EXERCISE. Whatever appears in the entries must be given again exactly.

### SUPPLIED DATA ###

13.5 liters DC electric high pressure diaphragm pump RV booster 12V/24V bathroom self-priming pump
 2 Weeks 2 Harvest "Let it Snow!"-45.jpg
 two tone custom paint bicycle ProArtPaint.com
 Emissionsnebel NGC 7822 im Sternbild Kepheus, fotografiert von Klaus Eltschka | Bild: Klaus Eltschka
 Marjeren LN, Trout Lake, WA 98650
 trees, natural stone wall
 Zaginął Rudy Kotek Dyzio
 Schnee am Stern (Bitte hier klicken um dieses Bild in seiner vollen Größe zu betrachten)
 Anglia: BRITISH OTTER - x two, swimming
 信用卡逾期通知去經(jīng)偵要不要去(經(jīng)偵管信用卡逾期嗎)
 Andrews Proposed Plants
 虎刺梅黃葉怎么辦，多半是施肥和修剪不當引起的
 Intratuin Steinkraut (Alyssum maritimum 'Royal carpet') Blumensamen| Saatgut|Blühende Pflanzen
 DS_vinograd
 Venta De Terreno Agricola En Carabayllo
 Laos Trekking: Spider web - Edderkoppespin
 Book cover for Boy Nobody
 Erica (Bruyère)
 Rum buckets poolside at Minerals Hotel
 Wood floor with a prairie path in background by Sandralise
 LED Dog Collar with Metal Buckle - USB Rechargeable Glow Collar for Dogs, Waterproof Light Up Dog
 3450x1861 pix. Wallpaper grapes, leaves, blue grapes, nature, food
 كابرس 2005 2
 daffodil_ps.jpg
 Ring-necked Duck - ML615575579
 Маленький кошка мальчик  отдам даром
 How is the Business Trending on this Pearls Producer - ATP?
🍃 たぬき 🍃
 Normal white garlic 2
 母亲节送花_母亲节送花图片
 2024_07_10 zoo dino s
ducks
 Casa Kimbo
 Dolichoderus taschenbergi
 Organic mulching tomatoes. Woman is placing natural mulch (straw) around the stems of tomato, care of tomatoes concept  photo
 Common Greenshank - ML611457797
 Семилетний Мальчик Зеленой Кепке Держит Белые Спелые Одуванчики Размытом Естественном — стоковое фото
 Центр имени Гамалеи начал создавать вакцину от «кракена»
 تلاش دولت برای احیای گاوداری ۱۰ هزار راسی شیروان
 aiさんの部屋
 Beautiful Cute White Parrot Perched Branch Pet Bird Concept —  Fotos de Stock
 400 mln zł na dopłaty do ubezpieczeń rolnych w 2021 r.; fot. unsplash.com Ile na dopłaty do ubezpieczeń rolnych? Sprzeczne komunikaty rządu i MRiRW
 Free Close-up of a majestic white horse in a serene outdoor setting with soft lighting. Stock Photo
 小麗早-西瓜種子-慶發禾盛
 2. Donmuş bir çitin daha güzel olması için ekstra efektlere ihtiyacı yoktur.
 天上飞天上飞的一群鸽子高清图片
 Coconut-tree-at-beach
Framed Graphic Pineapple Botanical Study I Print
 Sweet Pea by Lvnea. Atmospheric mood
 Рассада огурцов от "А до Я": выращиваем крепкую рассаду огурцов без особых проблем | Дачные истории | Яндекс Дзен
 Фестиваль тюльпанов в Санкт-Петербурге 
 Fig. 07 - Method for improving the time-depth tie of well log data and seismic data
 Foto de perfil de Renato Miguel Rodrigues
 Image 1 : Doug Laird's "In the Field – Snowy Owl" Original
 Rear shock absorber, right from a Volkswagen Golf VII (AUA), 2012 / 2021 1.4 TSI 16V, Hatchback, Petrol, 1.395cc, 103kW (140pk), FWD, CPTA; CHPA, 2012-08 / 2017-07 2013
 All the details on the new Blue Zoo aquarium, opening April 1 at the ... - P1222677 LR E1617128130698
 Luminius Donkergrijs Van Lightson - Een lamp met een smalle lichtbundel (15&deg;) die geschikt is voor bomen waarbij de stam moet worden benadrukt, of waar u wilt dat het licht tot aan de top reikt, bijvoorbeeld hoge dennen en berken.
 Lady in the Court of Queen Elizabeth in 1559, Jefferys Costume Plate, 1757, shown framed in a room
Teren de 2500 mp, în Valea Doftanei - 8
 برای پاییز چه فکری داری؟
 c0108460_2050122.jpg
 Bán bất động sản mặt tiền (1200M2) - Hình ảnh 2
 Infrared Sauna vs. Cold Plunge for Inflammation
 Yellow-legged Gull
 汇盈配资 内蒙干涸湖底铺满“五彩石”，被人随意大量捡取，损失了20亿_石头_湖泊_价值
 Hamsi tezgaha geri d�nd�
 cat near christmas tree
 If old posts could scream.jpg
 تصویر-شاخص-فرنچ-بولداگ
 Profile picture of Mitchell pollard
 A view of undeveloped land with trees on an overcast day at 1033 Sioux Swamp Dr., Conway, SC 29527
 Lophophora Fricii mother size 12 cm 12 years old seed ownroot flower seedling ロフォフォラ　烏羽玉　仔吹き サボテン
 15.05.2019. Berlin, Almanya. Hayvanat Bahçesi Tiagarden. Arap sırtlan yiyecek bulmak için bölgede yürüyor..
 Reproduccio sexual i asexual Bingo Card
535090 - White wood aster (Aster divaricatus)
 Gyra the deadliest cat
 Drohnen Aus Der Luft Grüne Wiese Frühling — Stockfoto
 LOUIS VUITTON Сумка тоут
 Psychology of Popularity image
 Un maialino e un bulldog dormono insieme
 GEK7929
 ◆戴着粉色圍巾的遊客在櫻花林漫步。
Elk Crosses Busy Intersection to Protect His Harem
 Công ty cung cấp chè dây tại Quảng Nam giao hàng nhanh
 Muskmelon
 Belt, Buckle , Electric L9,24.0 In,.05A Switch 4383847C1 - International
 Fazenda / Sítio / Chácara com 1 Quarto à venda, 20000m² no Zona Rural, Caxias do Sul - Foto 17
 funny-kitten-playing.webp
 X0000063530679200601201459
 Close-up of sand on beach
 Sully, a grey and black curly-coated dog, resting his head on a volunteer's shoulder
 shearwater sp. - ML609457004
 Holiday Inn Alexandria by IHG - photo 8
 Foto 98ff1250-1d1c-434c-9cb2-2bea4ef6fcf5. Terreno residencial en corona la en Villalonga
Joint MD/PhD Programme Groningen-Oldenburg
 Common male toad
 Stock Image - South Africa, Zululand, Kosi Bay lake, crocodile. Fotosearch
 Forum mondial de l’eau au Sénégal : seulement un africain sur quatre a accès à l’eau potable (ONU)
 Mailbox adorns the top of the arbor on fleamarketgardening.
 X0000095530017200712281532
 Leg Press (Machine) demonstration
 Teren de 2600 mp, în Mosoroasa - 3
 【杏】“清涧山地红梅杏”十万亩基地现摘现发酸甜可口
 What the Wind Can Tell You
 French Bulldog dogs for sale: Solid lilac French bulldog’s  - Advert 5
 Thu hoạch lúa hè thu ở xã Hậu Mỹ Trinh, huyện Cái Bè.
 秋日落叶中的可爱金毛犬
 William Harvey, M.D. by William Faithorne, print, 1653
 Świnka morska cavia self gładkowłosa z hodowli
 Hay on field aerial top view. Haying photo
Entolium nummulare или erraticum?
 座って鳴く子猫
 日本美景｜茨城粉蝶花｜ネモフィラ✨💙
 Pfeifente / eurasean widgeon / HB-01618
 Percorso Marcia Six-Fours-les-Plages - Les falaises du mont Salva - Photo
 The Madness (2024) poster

###

ANSWER AREA.
13.5 liters DC electric high pressure diaphragm pump RV booster 12V/24V bathroom self-priming pump
 2 Weeks 2 Harvest "Let it Snow!"-45.jpg
 two tone custom paint bicycle ProArtPaint.com
 Emissionsnebel NGC 7822 im Sternbild Kepheus, fotografiert von Klaus Eltschka | Bild: Klaus Eltschka
 Marjeren LN, Trout Lake, WA 98650
 trees, natural stone wall
 Zaginął Rudy Kotek Dyzio
 Schnee am Stern (Bitte hier klicken um dieses Bild in seiner vollen Größe zu betrachten)
 Anglia: BRITISH OTTER - x two, swimming
 信用卡逾期通知去經(jīng)偵要不要去(經(jīng)偵管信用卡逾期嗎)
 Andrews Proposed Plants
 虎刺梅黃葉怎么辦，多半是施肥和修剪不當引起的
 Intratuin Steinkraut (Alyssum maritimum 'Royal carpet') Blumensamen| Saatgut|Blühende Pflanzen
 DS_vinograd
 Venta De Terreno Agricola En Carabayllo
 Laos Trekking: Spider web - Edderkoppespin
 Book cover for Boy Nobody
 Erica (Bruyère)
 Rum buckets poolside at Minerals Hotel
 Wood floor with a prairie path in background by Sandralise
 LED Dog Collar with Metal Buckle - USB Rechargeable Glow Collar for Dogs, Waterproof Light Up Dog
 3450x1861 pix. Wallpaper grapes, leaves, blue grapes, nature, food
 كابرس 2005 2
 daffodil_ps.jpg
 Ring-necked Duck - ML615575579
 Маленький кошка мальчик  отдам даром
 How is the Business Trending on this Pearls Producer - ATP?
🍃 たぬき 🍃
 Normal white garlic 2
 母亲节送花_母亲节送花图片
 2024_07_10 zoo dino s
ducks
 Casa Kimbo
 Dolichoderus taschenbergi
 Organic mulching tomatoes. Woman is placing natural mulch (straw) around the stems of tomato, care of tomatoes concept  photo
 Common Greenshank - ML611457797
 Семилетний Мальчик Зеленой Кепке Держит Белые Спелые Одуванчики Размытом Естественном — стоковое фото
 Центр имени Гамалеи начал создавать вакцину от «кракена»
 تلاش دولت برای احیای گاوداری ۱۰ هزار راسی شیروان
 aiさんの部屋
 Beautiful Cute White Parrot Perched Branch Pet Bird Concept —  Fotos de Stock
 400 mln zł na dopłaty do ubezpieczeń rolnych w 2021 r.; fot. unsplash.com Ile na dopłaty do ubezpieczeń rolnych? Sprzeczne komunikaty rządu i MRiRW
 Free Close-up of a majestic white horse in a serene outdoor setting with soft lighting. Stock Photo
 小麗早-西瓜種子-慶發禾盛
 2. Donmuş bir çitin daha güzel olması için ekstra efektlere ihtiyacı yoktur.
 天上飞天上飞的一群鸽子高清图片
 Coconut-tree-at-beach
Framed Graphic Pineapple Botanical Study I Print
 Sweet Pea by Lvnea. Atmospheric mood
 Рассада огурцов от "А до Я": выращиваем крепкую рассаду огурцов без особых проблем | Дачные истории | Яндекс Дзен
 Фестиваль тюльпанов в Санкт-Петербурге 
 Fig. 07 - Method for improving the time-depth tie of well log data and seismic data
 Foto de perfil de Renato Miguel Rodrigues
 Image 1 : Doug Laird's "In the Field – Snowy Owl" Original
 Rear shock absorber, right from a Volkswagen Golf VII (AUA), 2012 / 2021 1.4 TSI 16V, Hatchback, Petrol, 1.395cc, 103kW (140pk), FWD, CPTA; CHPA, 2012-08 / 2017-07 2013
 All the details on the new Blue Zoo aquarium, opening April 1 at the ... - P1222677 LR E1617128130698
 Luminius Donkergrijs Van Lightson - Een lamp met een smalle lichtbundel (15&deg;) die geschikt is voor bomen waarbij de stam moet worden benadrukt, of waar u wilt dat het licht tot aan de top reikt, bijvoorbeeld hoge dennen en berken.
 Lady in the Court of Queen Elizabeth in 1559, Jefferys Costume Plate, 1757, shown framed in a room
Teren de 2500 mp, în Valea Doftanei - 8
 برای پاییز چه فکری داری؟
 c0108460_2050122.jpg
 Bán bất động sản mặt tiền (1200M2) - Hình ảnh 2
 Infrared Sauna vs. Cold Plunge for Inflammation
 Yellow-legged Gull
 汇盈配资 内蒙干涸湖底铺满“五彩石”，被人随意大量捡取，损失了20亿_石头_湖泊_价值
 Hamsi tezgaha geri d�nd�
 cat near christmas tree
 If old posts could scream.jpg
 تصویر-شاخص-فرنچ-بولداگ
 Profile picture of Mitchell pollard
 A view of undeveloped land with trees on an overcast day at 1033 Sioux Swamp Dr., Conway, SC 29527
 Lophophora Fricii mother size 12 cm 12 years old seed ownroot flower seedling ロフォフォラ　烏羽玉　仔吹き サボテン
 15.05.2019. Berlin, Almanya. Hayvanat Bahçesi Tiagarden. Arap sırtlan yiyecek bulmak için bölgede yürüyor..
 Reproduccio sexual i asexual Bingo Card
535090 - White wood aster (Aster divaricatus)
 Gyra the deadliest cat
 Drohnen Aus Der Luft Grüne Wiese Frühling — Stockfoto
 LOUIS VUITTON Сумка тоут
 Psychology of Popularity image
 Un maialino e un bulldog dormono insieme
 GEK7929
 ◆戴着粉色圍巾的遊客在櫻花林漫步。
Elk Crosses Busy Intersection to Protect His Harem
 Công ty cung cấp chè dây tại Quảng Nam giao hàng nhanh
 Muskmelon
 Belt, Buckle , Electric L9,24.0 In,.05A Switch 4383847C1 - International
 Fazenda / Sítio / Chácara com 1 Quarto à venda, 20000m² no Zona Rural, Caxias do Sul - Foto 17
 funny-kitten-playing.webp
 X0000063530679200601201459
 Close-up of sand on beach
 Sully, a grey and black curly-coated dog, resting his head on a volunteer's shoulder
 shearwater sp. - ML609457004
 Holiday Inn Alexandria by IHG - photo 8
 Foto 98ff1250-1d1c-434c-9cb2-2bea4ef6fcf5. Terreno residencial en corona la en Villalonga
Joint MD/PhD Programme Groningen-Oldenburg
 Common male toad
 Stock Image - South Africa, Zululand, Kosi Bay lake, crocodile. Fotosearch
 Forum mondial de l’eau au Sénégal : seulement un africain sur quatre a accès à l’eau potable (ONU)
 Mailbox adorns the top of the arbor on fleamarketgardening.
 X0000095530017200712281532
 Leg Press (Machine) demonstration
 Teren de 2600 mp, în Mosoroasa - 3
 【杏】“清涧山地红梅杏”十万亩基地现摘现发酸甜可口
 What the Wind Can Tell You
 French Bulldog dogs for sale: Solid lilac French bulldog’s  - Advert 5
 Thu hoạch lúa hè thu ở xã Hậu Mỹ Trinh, huyện Cái Bè.
 秋日落叶中的可爱金毛犬
 William Harvey, M.D. by William Faithorne, print, 1653
 Świnka morska cavia self gładkowłosa z hodowli
 Hay on field aerial top view. Haying photo
Entolium nummulare или erraticum?
 座って鳴く子猫
 日本美景｜茨城粉蝶花｜ネモフィラ✨💙
 Pfeifente / eurasean widgeon / HB-01618
 Percorso Marcia Six-Fours-les-Plages - Les falaises du mont Salva - Photo
 The Madness (2024) poster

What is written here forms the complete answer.